The Federal Retirement Thrift Investment Board says offering federal employees an extra loan option through their Thrift Savings Plans to cushion the impact of furloughs would require too much effort to implement and may not help the employees all that much.
Currently, the board offers TSP participants a general loan option that can be used for any reason. However, regulations bar employees from taking out more than one such general loan at a time and also blocks them from taking out new loans within a 60-day window after paying off the previous loan.
Several federal-employee unions have lobbied the board to add a second general purpose loan option to help federal employees deal with reduced paychecks due to sequestration-related furloughs.

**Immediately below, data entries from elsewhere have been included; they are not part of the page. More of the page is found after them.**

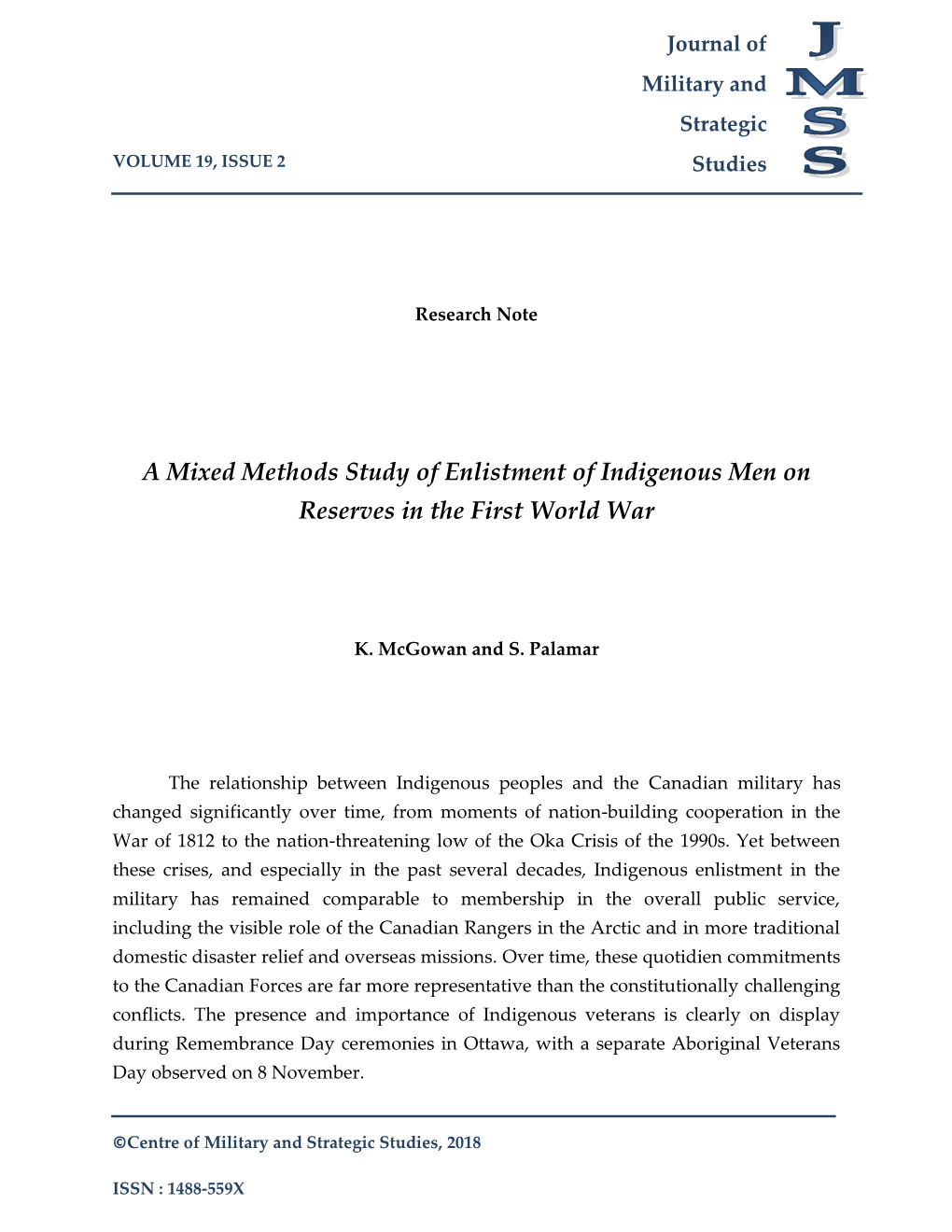 A Mixed Methods Study of Enlistment of Indigenous Men on Reserves in the First World War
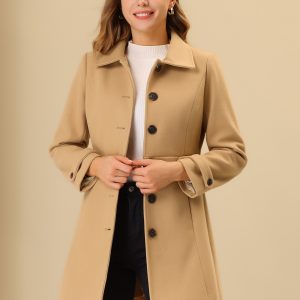 Winter Classic Outwear Overcoat with Pockets Single Breasted Coat Khaki/XL - Allegra K catalog
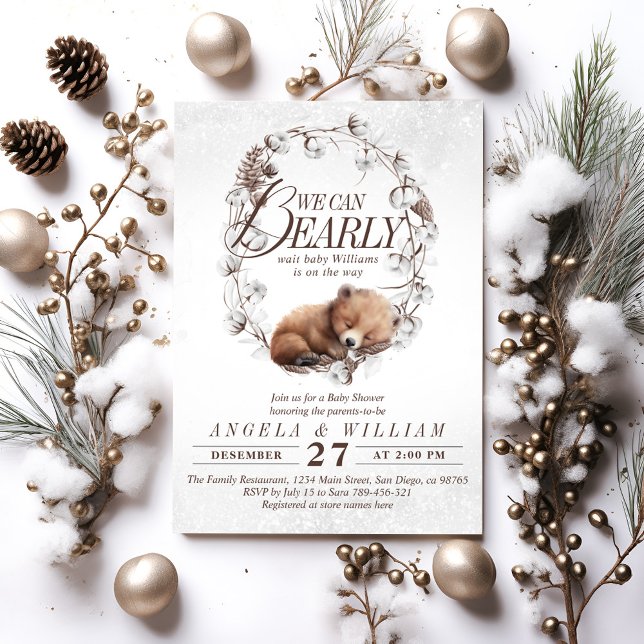 Woodland Vi kan bearly Wait Winter Baby Shower Inbjudningar (Skapare uppladdad)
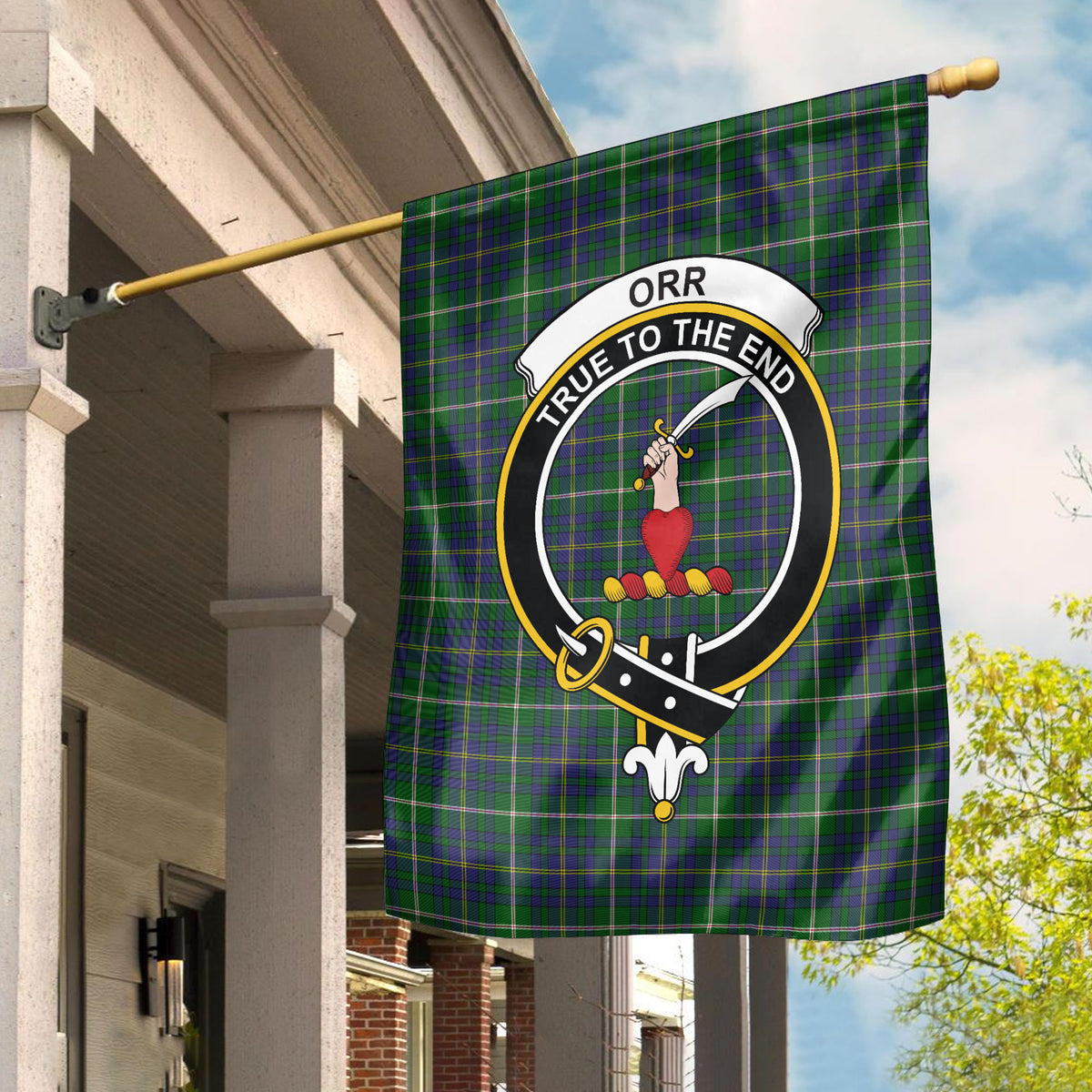 Orr Tartan Crest Garden Flag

But at an Employee Thrift Advisory Council meeting April 22, the board quashed the idea, citing the complexity surrounding the changes.
“It’s not as easy as just saying ‘OK, sure, we’ll change our [regulations] and allow a second loan to be taken out,'” said Kim Weaver, the board’s director of external affairs, in an interview on In Depth with Francis Rose.
The board’s ability to offer general loans is limited by law, according to an April 11 memo written by Greg Long, the executive director of the board.
And even if the board had the authority to implement the extra loan options, doing so would require an extensive effort, including rewriting regulations, reprogramming computer systems and providing updated training to call-center employees.
All told that would require 2,000 hours of additional personnel work and about 23 weeks to implement, Long’s memo stated.
The TSP board also maintains that the extra loan option may not even help furloughed federal employees.
“Allowing a participant to take a second loan in a furlough situation may not be as helpful as it appears,” Long wrote in the memo. “Since a participant who is furloughed would have less take home pay, keeping the payments on two TSP loans current would be more difficult. Failure to keep the payments current would require us to declare the outstanding portion of the loan as a taxable distribution, which would have further financial consequences for the participant.”
Instead, Long recommended TSP participants lower their contributions while they’re furloughed.
Weaver said the recent debate has underscored the “balancing act” the board faces in offering the loan options.
“Congress and many policy thinkers in this area recognize that if you’re putting money away for retirement but you can never get to it no matter what awful situation may occur — and they do occur, certainly — that people would be less likely to contribute to their retirement,” Weaver said. “On the other hand, if they made it too easy for people to just pull money out of their retirement, the tax benefits that you get from contributing to the pre-tax part of the TSP or a 401(k) would be wasted.”